Facebook wants Brits’ naked photos, so it can stop revenge porn

Facebook wants British users to send in their naked photos in an effort to proactively combat revenge porn.

In a startling display of hubris, following the recent Cambridge Analytica scandal, the social network is extending trials of its controversial scheme to the UK.

As we’ve reported on previously, Facebook’s idea is designed to help people who suspect they could become victims of image sharing from former partners.

If those fearful of revenge porn attacks send in the intimate snaps first, Facebook can block the image before it appears on the site. Then if someone else attempts to upload the same image, it’ll be recognised by the database and will not appear on Instagram, Messenger or Facebook.

While it appears to be a sound idea in theory, it’s a big ask from Facebook given the dramatic erosion of trust in its handling of users’ personal data following this year’s revelations.
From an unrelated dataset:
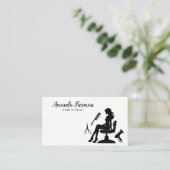 Carte De Visite Coiffeuse professionnelle noire et blanche pour fe (Debout devant)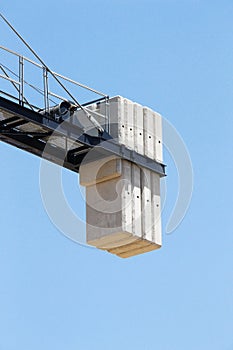 The counterweight of a construction crane, detail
The company told the BBC Newsbeat any photos uploaded will be seen by “a very small group of about five specially trained reviewers.” Facebook’s Antigone Davis, the global head of safety, says the original photo will not be stored.

Related: Facebook Cambridge Analytica latest

The block will be pretty easy to get around by manipulating the images, while Davis admits there’s “no 100% guarantee when it comes to photo-matching technologies”. The additional caveat is that users will have to have the photos in question, so if they’re stored on your ex’s phone, then you’re also out of luck.

Overall, it appears as if worried users will simply be sending their intimate photos to Facebook, with absolutely no guarantee it’ll prevent the revenge porn attack, and with no possible sense it can trust Facebook to keep these images safe and private.

However, if it’s a choice between that and potentially avoiding a harrowing and potentially life-changing revenge porn post, then many users may take Facebook up on its offer.

It’s a tough choice in a situation none of us ever want to find ourselves in.